Abstract Importance Sodium glucose cotransporter 2 inhibitors (SGLT2i), glucagon-like peptide-1 receptor analogues (GLP1ra) and dipeptidyl peptidase-4 inhibitors (DPP4i) improve hyperglycaemia and, in the case of SGLT2i and GLP1ra, reduce the risk of major adverse cardiovascular events (MACE) in type 2 diabetes. It is not clear whether efficacy varies by age or sex. Objective Assess whether age or sex are associated with differences in efficacy of SGL2i, GLP1ra and DPP4i. Data sources Medline, Embase and clinical trial registries. Study selection Two independent reviewers screened for randomised controlled trials of SGLT2i/GLP1ra/DPP4i, compared to placebo/active comparator, in adults with type 2 diabetes. Data extraction and synthesis We sought individual participant data (IPD) all eligible studies. Where IPD were available, we modelled age- and sex-treatment interactions for each trial. Otherwise, we assessed age- sex distributions along with results from aggregate trial data.

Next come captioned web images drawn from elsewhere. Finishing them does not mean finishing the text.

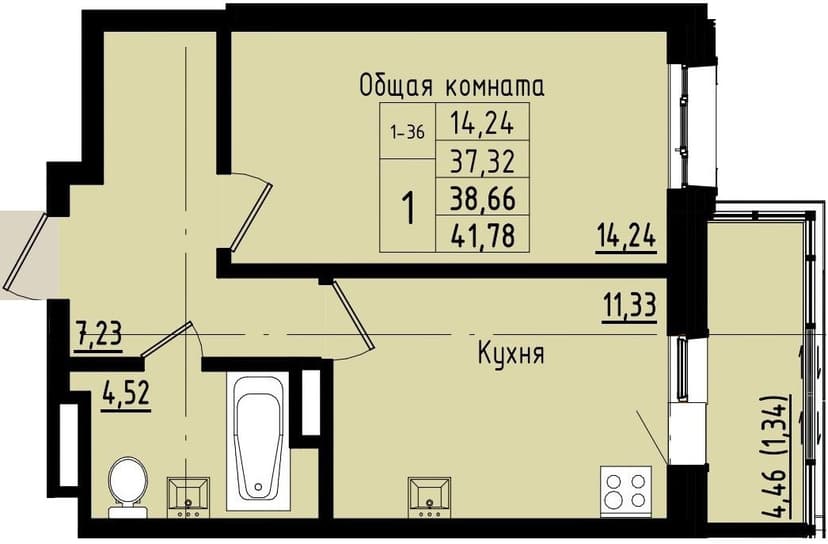 1 комн., 38.66 м²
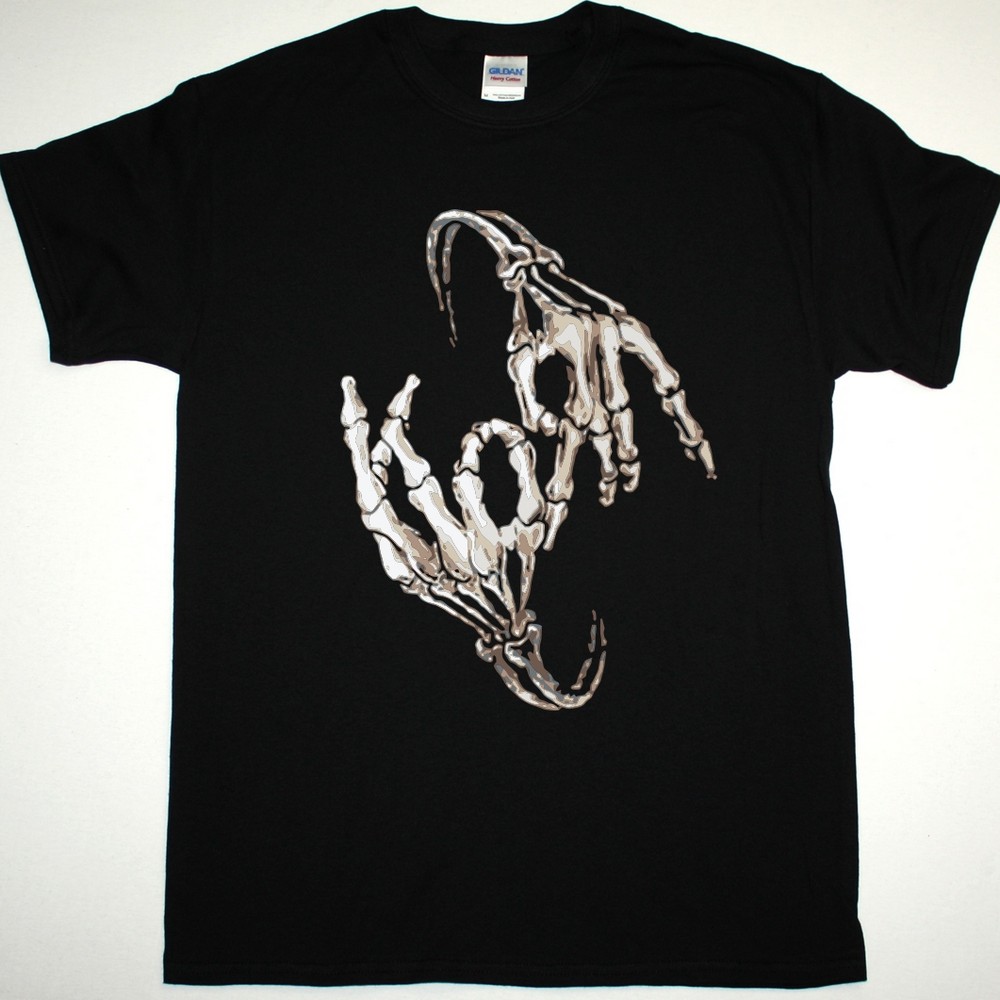 Korn Skeleton Fingers Logo New Black T Shirt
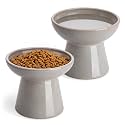 vancasso 2-Pack Extra Wide Elevated Cat Bowls, Ceramic Raised Cat Bowls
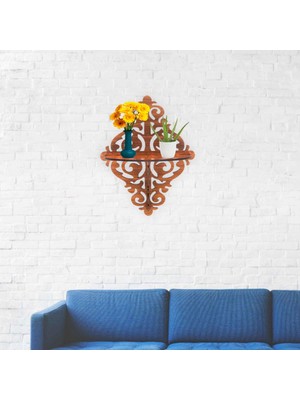 Kahverengi Ahşap Lazer Kesim Duvar Raf, Mumluk ve Süslük Seti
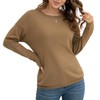 VIISHOW Women's Classic-Fit Soft Touch Long-Sleeve Crewneck Sweater,Khaki,XX-Large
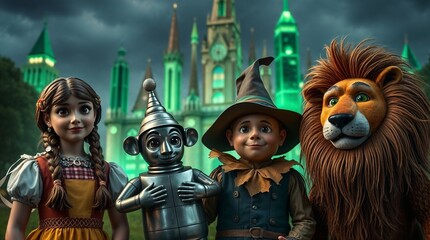 The Emerald City Sparkles in the Distance as Dorothy and Her Friends Stand Before Its Grand Gates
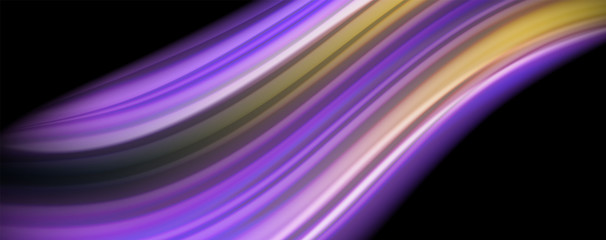 Fluid liquid color wave lines, glowing colorful light effect, abstract composition template. Geometric technology abstract pattern. Movement concept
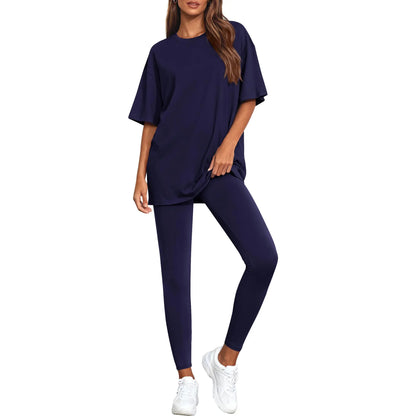 2-Piece Lounge Set Women 2026 Casual Oversized Shirts Leggings Matching Workout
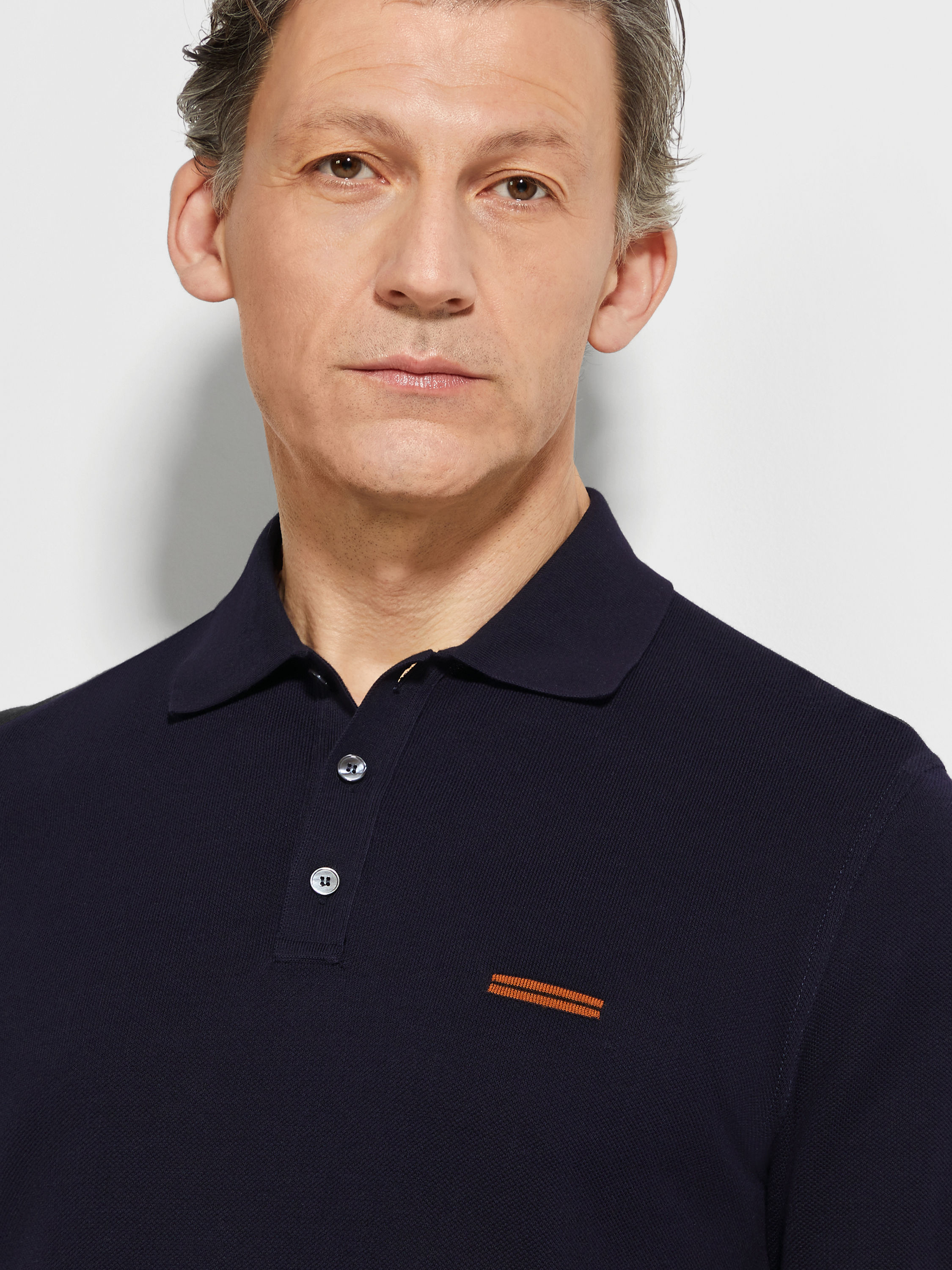 Navy Blue Cotton Polo Shirt Product detail photo #1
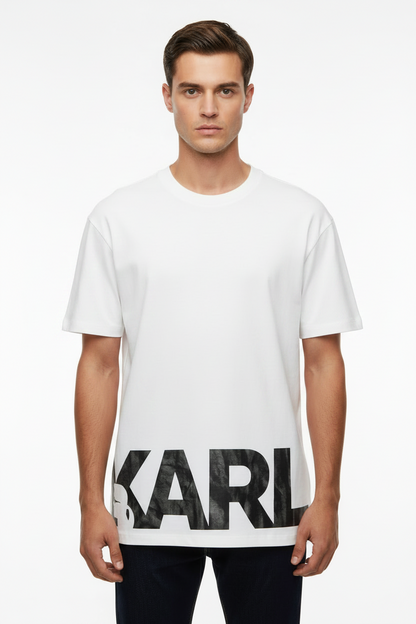 Karl Lagerfeld Paris Men's Box Logo Patch T-Shirt | Luxury Designer Crewneck Tee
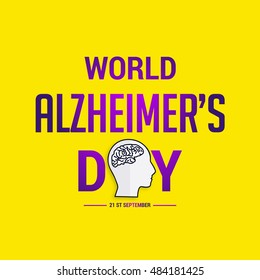 Creative illustration,poster or banner of World Alzheimer's day.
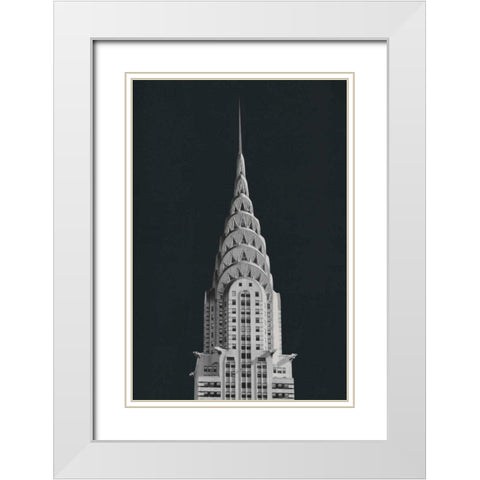 Chrysler Building on Black White Modern Wood Framed Art Print with Double Matting by Wild Apple Portfolio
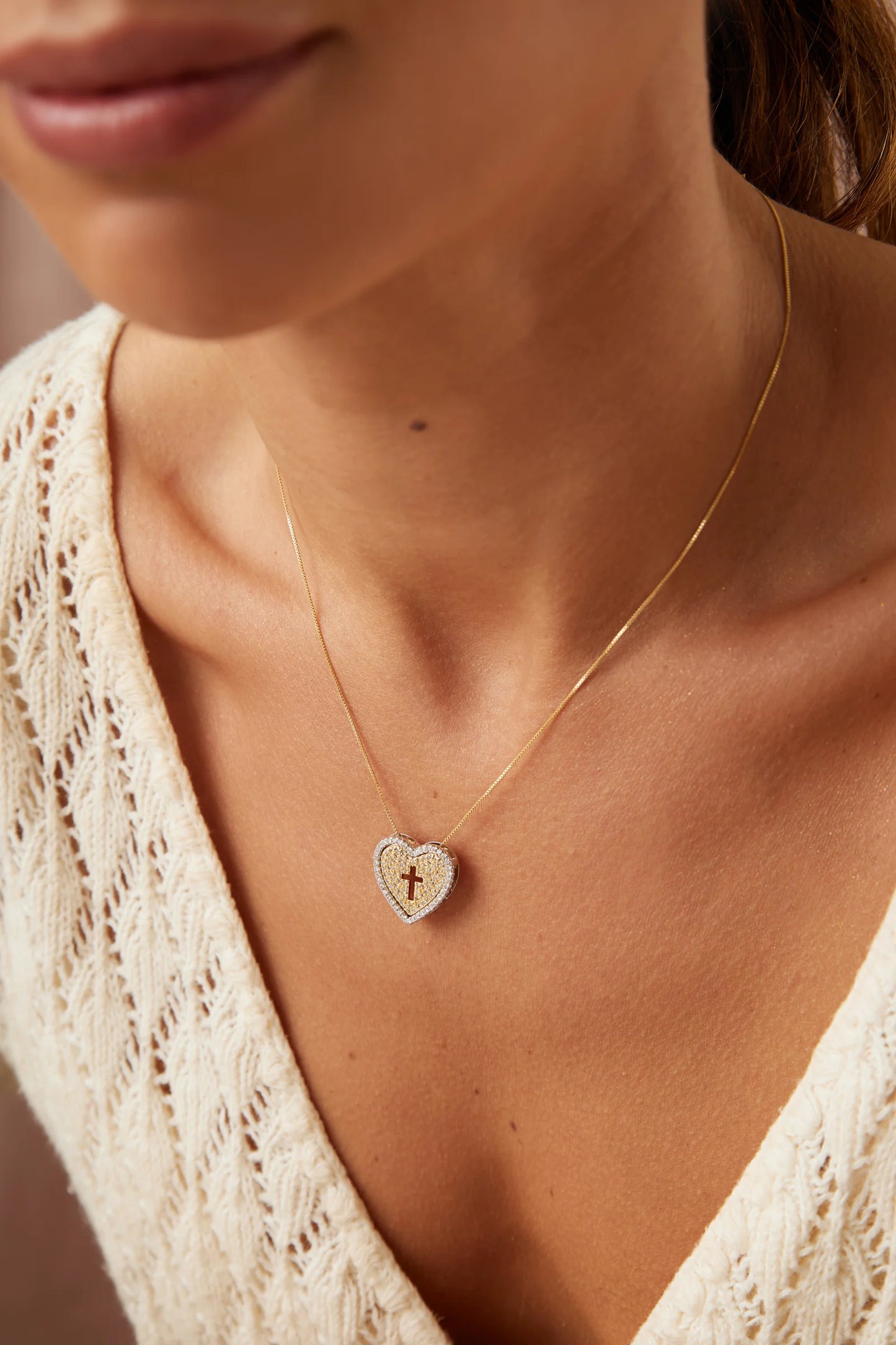 White Zircon Double Heart & Cross Necklace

IPD and aggregate findings were combined in a Bayesian network meta-analysis. Main outcome measures HbA1c and MACE. Results We identified 616 eligible trials (604 reporting HbA1c, 23 reporting MACE) and obtained IPD for 75 trials (6 reporting MACE). Mean age was 59.0 (10.7) years and 64.0 (8.6) in HbA1c and MACE trials, respectively. Proportions of female were 43.1% and 44.0% in HbA1c and MACE trials, respectively. SGLT2i reduced HbA1c by 0.5-1.0% overall compared to placebo. This reduction versus placebo was attenuated in older participants (change in HbA1c 0.25 percentage-points less for 75-year-olds compared to 45-year-olds). SGLT2i showed greater relative efficacy in MACE risk reduction among older than younger people. This finding was sensitive to the exclusion of one of the IPD MACE trials, however, in all sensitivity analyses, SGLT2i were either as efficacious or more efficacious in older participants. There was no consistently significant difference in efficacy by age for GLP1ra or DPP4i for HbA1c or MACE, nor were there consistent significant sex differences for any class. Conclusion Newer glucose-lowering drugs are efficacious across age and sex groups. SGLT2i are more cardioprotective in older than younger people despite smaller HbA1c reductions. Age alone should not be a barrier to treatments with proven cardiovascular benefit providing they are well tolerated align with patient priorities.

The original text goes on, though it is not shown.